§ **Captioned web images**
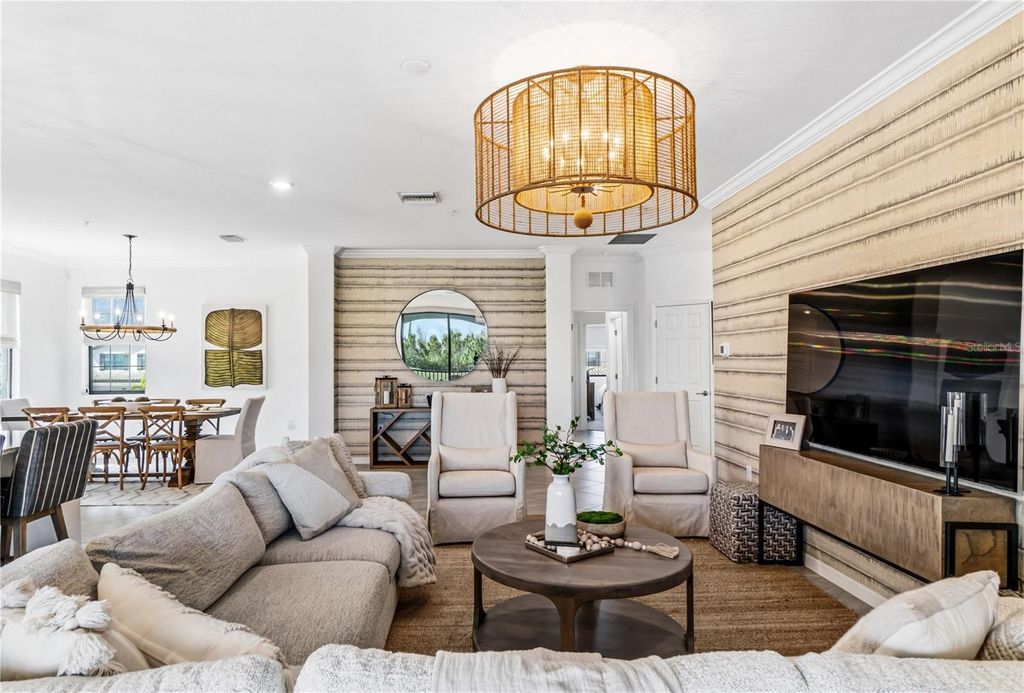 Image 10 of property listing at 6015 WORSHAM LANE 103, Bradenton, FL 34211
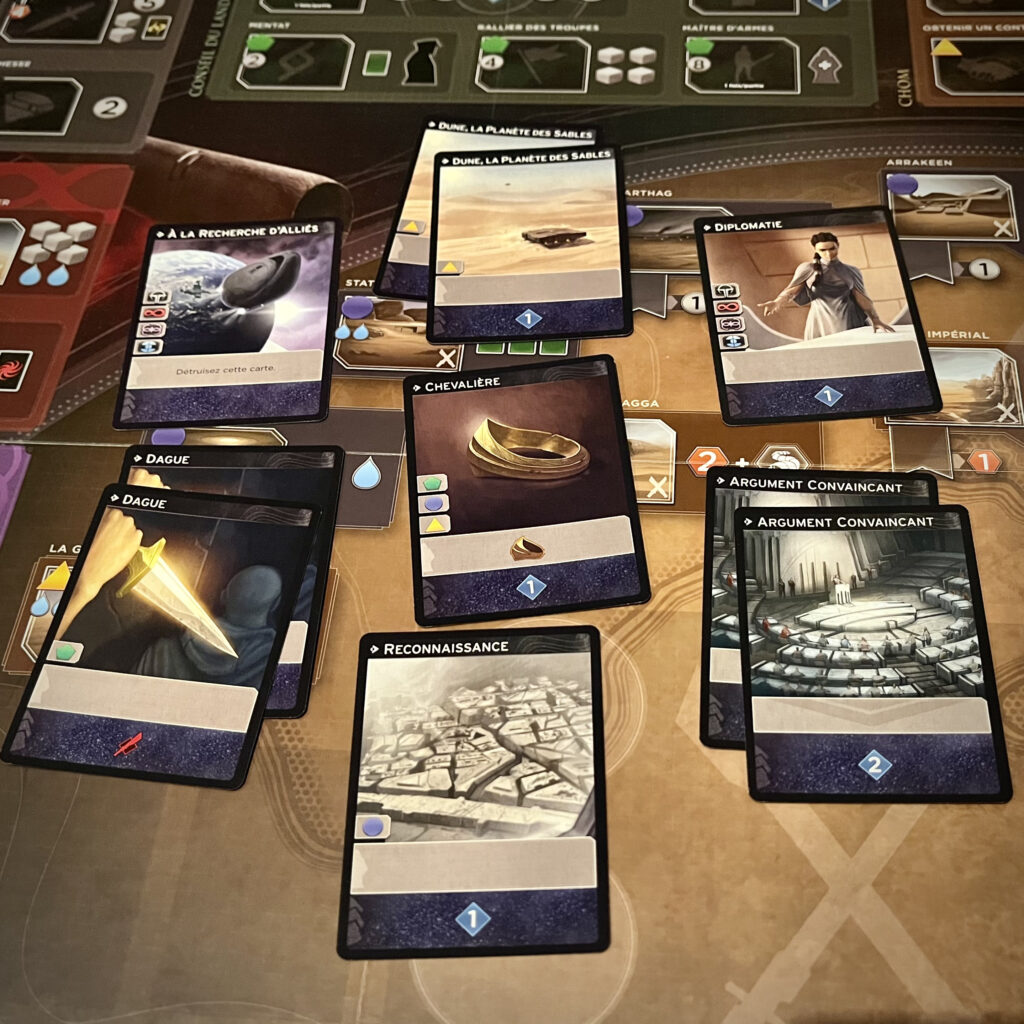 Les dix cartes de départ dans Dune Imperium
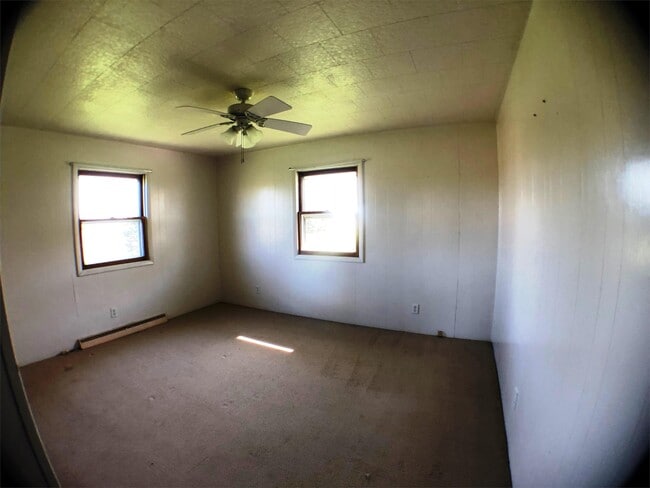 Building Photo - 4497 S Isabella Rd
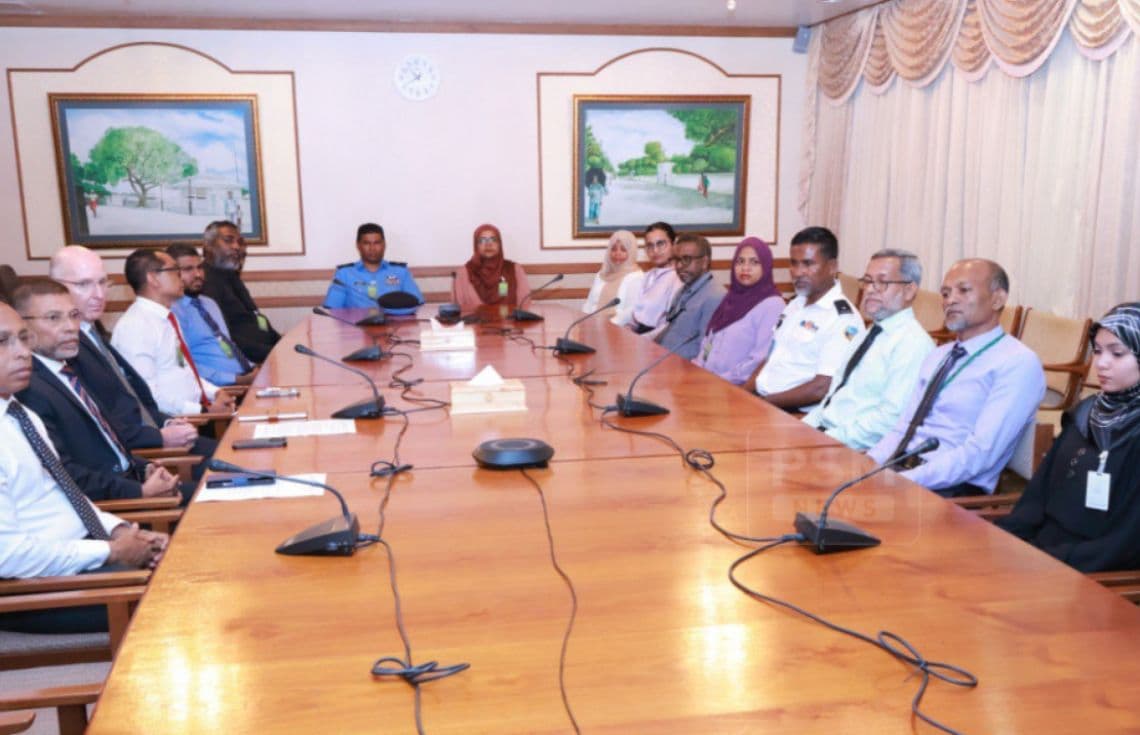 މި ޕްރޮގްރާމާ ގުޅޭގޮތުން ރައީސުލްޖުމްހޫރިއްޔާގެ އޮފީހުގައި ބޭއްވި ހާއްސަ ބައްދަލުވުމެއްގެ ތެރެއިން---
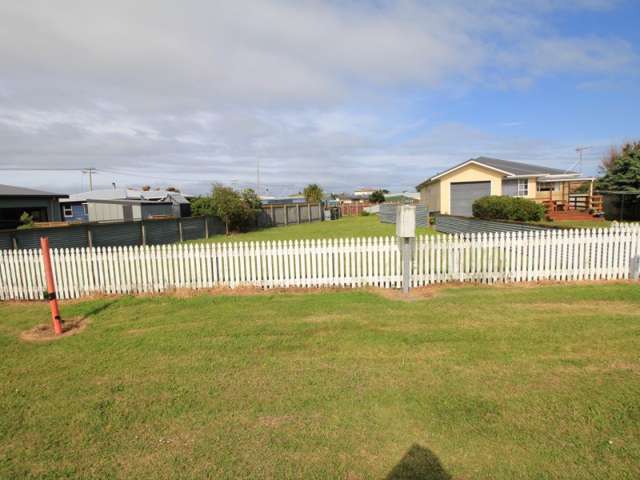 52 Nash Parade Foxton Beach_3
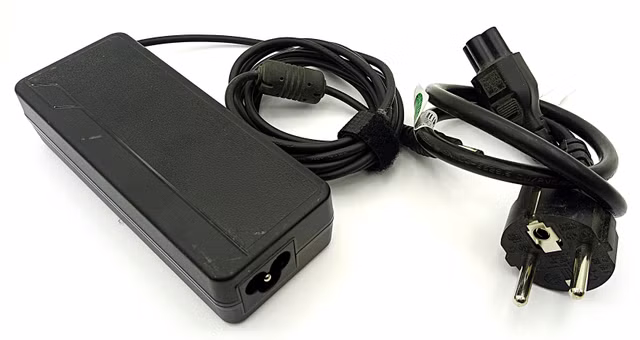 Huntkey HKA09019047-6U Netzteil Adapter Ladegerät 19V 4.74A Stromversorgung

§ **Problem requirements**
Could you print all of the entries exactly, skipping the images?

§ **Answer space**
 Image 10 of property listing at 6015 WORSHAM LANE 103, Bradenton, FL 34211
 Les dix cartes de départ dans Dune Imperium
 Building Photo - 4497 S Isabella Rd
 މި ޕްރޮގްރާމާ ގުޅޭގޮތުން ރައީސުލްޖުމްހޫރިއްޔާގެ އޮފީހުގައި ބޭއްވި ހާއްސަ ބައްދަލުވުމެއްގެ ތެރެއިން---
 52 Nash Parade Foxton Beach_3
 Huntkey HKA09019047-6U Netzteil Adapter Ladegerät 19V 4.74A Stromversorgung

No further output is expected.